• PROBLEM REQUIREMENTS:
With pictures excluded, repeat exactly the lines from the one containing "Drei silberfarbene Metallschrauben" through the last line of the material below.

• DATASET EXTRACT:
+ + +
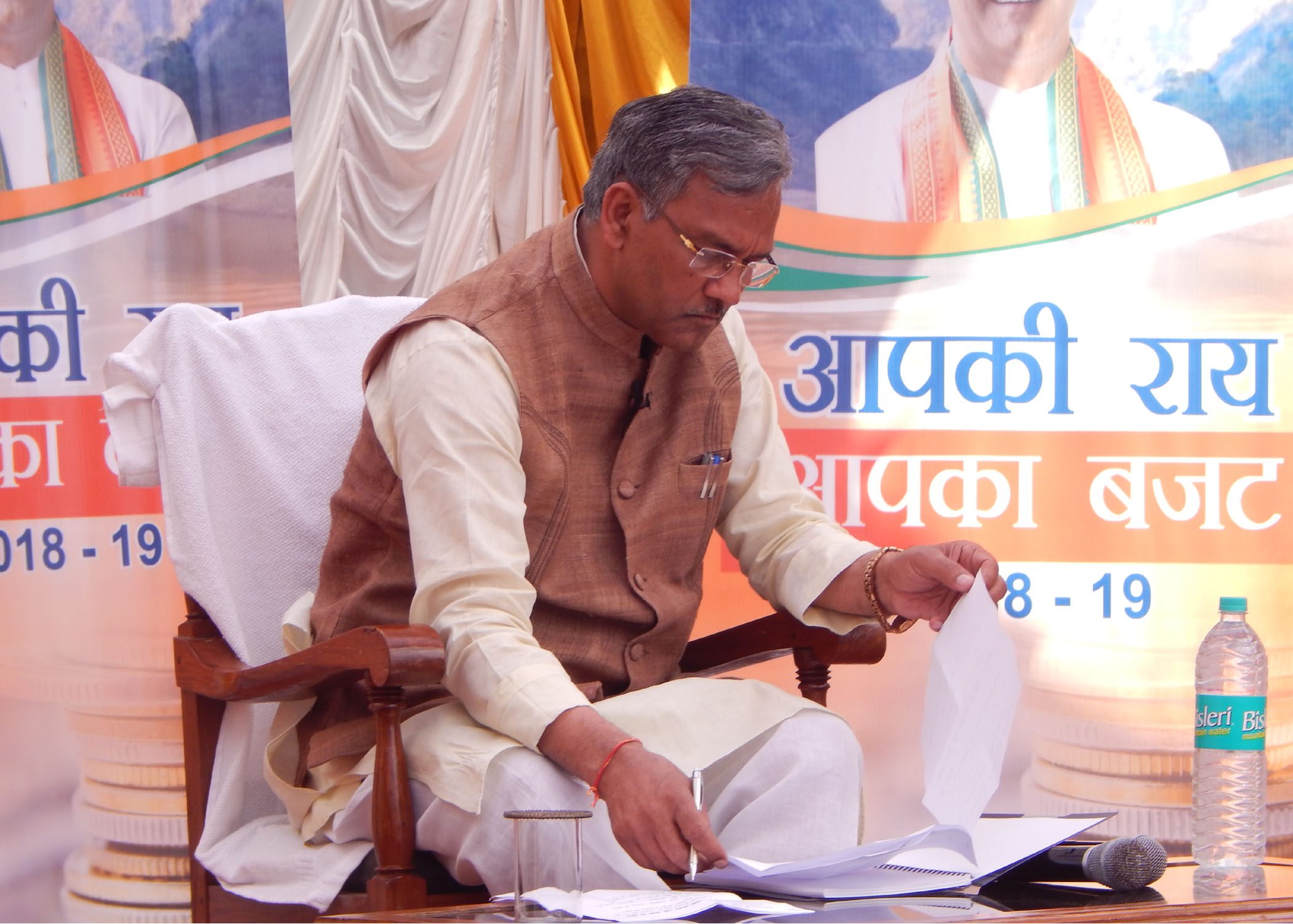 सरकार के खिलाफ अपनों का मोर्चा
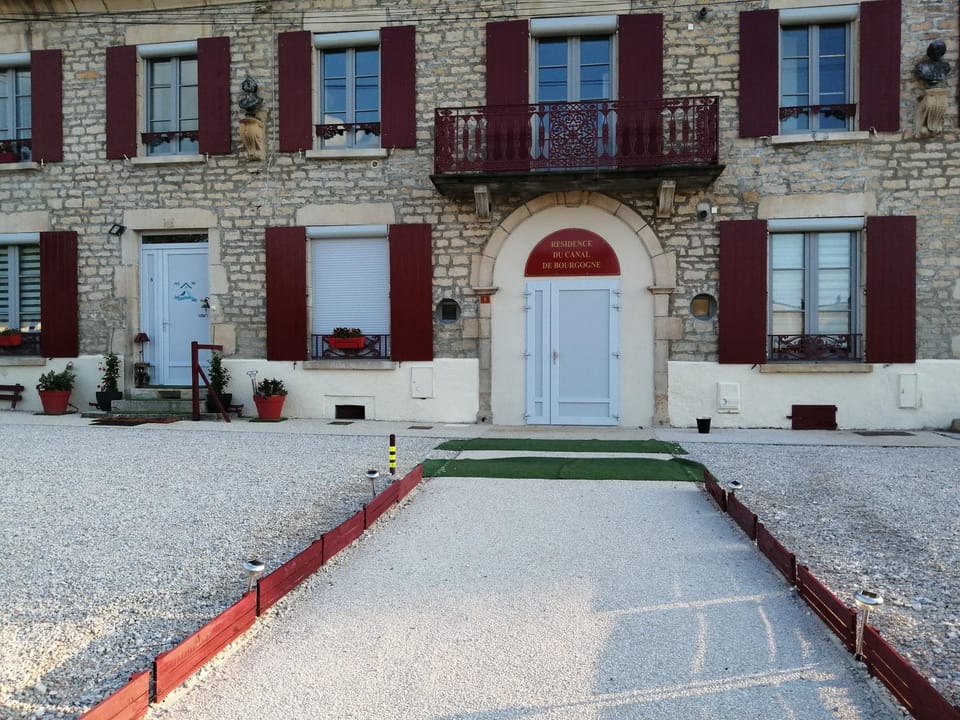 Le Bord d'eau Apartment in Bourgogne-Franche-Comté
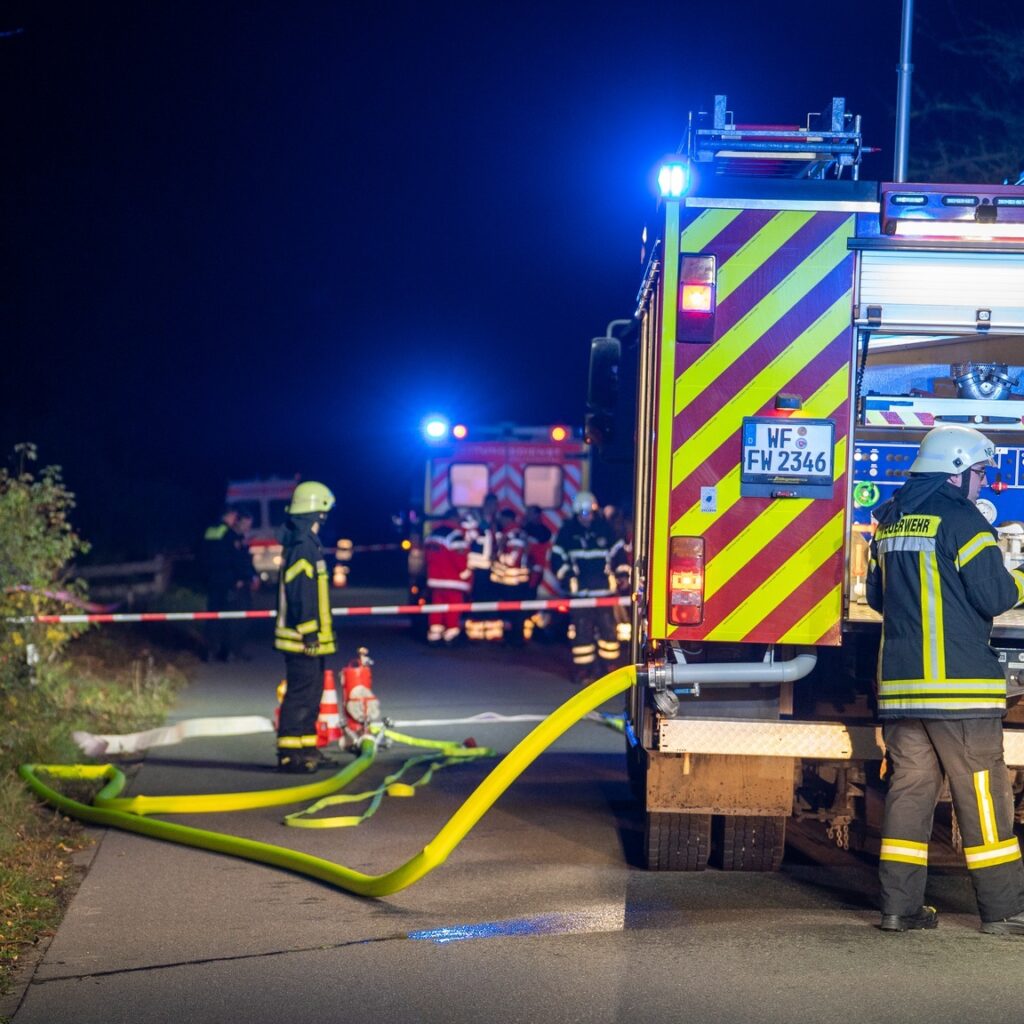 Ist möglicherweise ein Bild von Krankenwagen und Text „HE: FW FH2346 5ি ማይትኝ A“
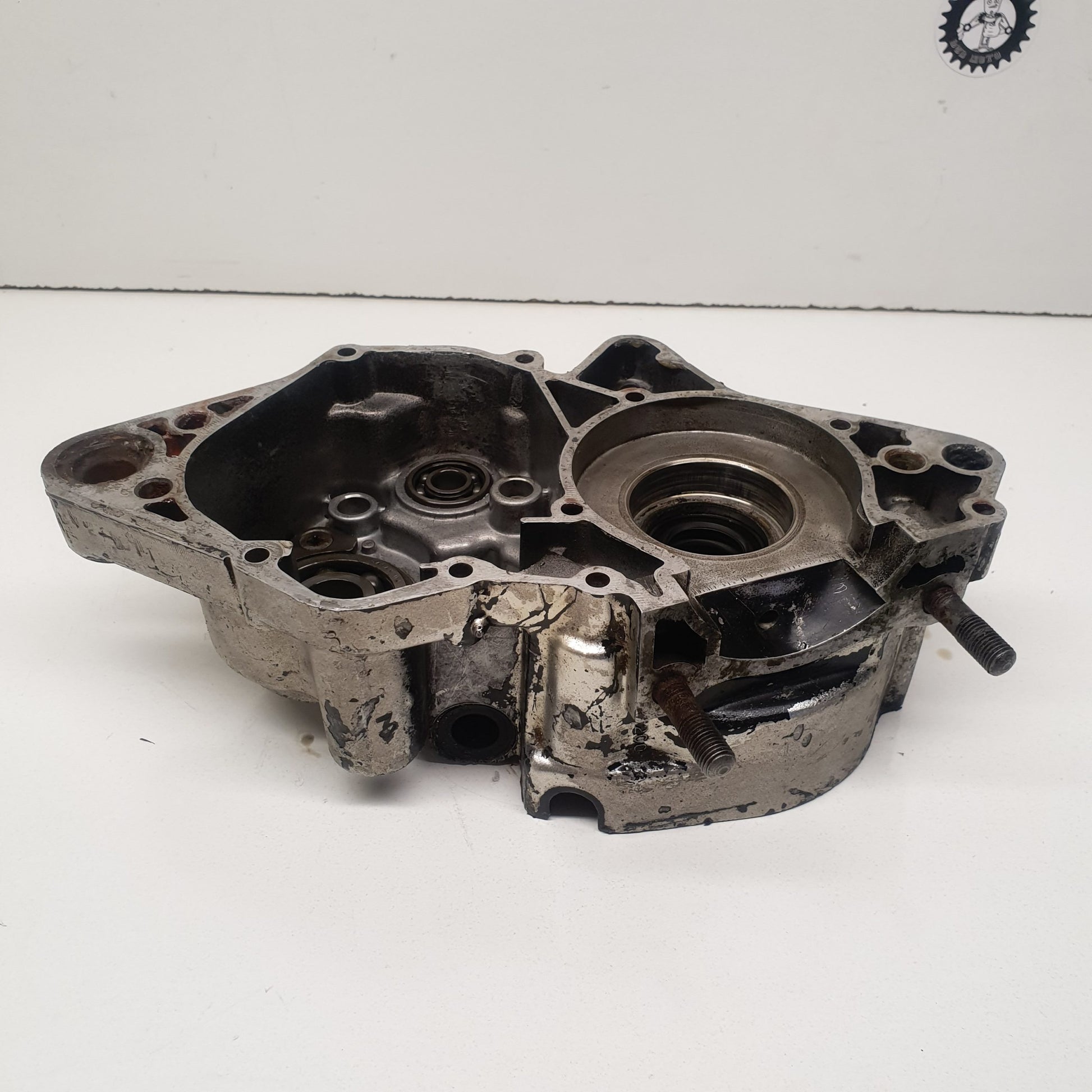 carter moteur droite yamaha 125 yz 1981-4
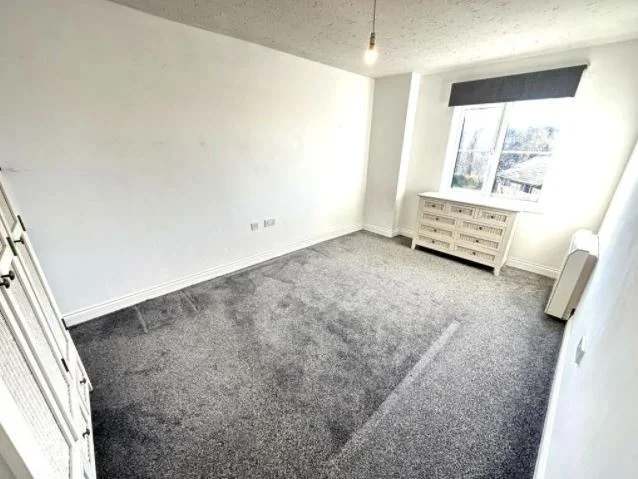 Flat Mountbatten Close in Preston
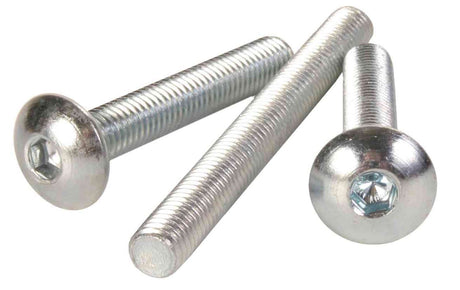 Drei silberfarbene Metallschrauben mit durchgehendem Gewinde und Innensechskantkopf auf weißem Hintergrund.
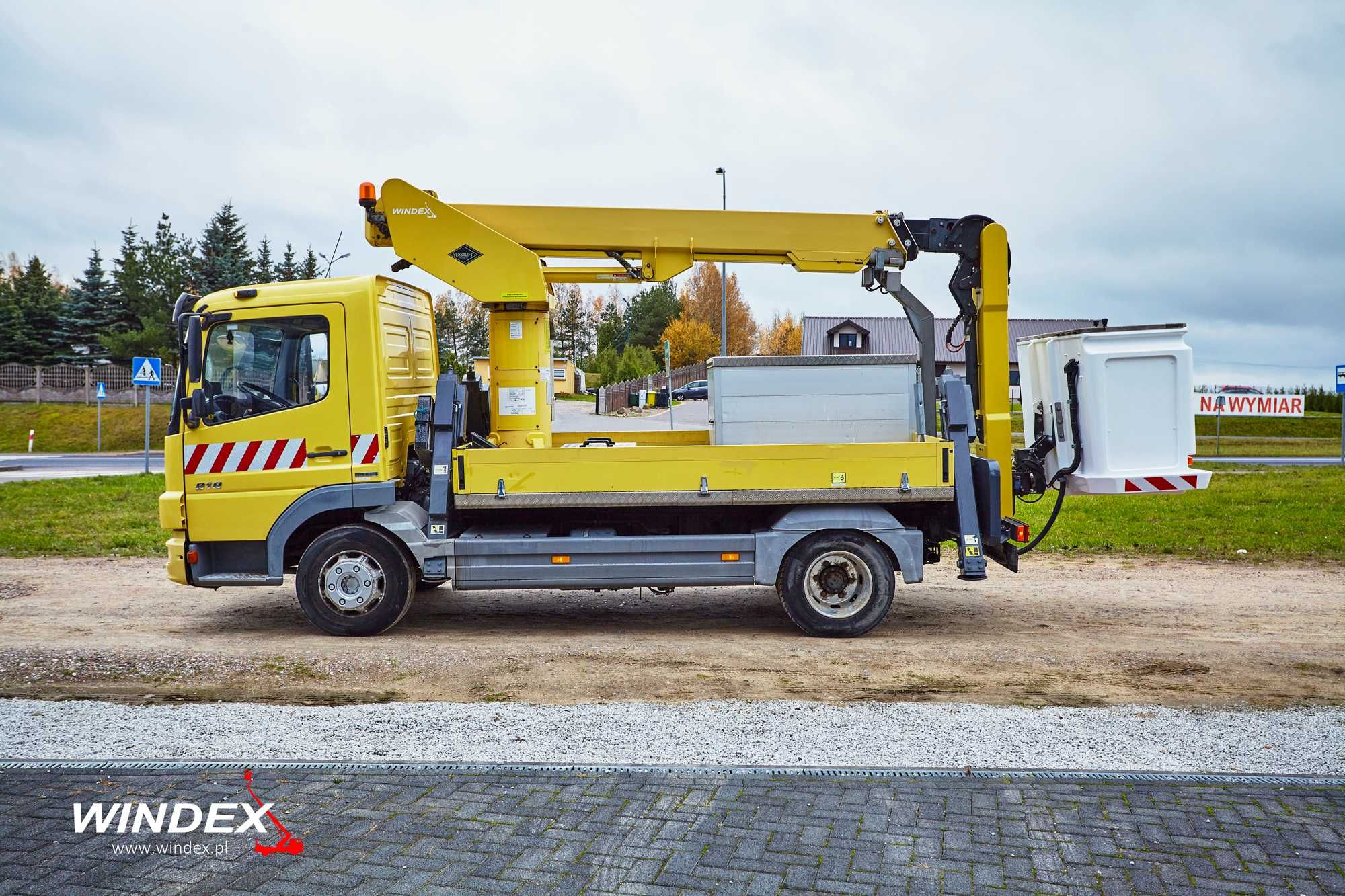 Podnośnik koszowy Versalift VT-51-NF z izolowanym koszem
+ + +
• FINISHED EXERCISE:
 Drei silberfarbene Metallschrauben mit durchgehendem Gewinde und Innensechskantkopf auf weißem Hintergrund.
 Podnośnik koszowy Versalift VT-51-NF z izolowanym koszem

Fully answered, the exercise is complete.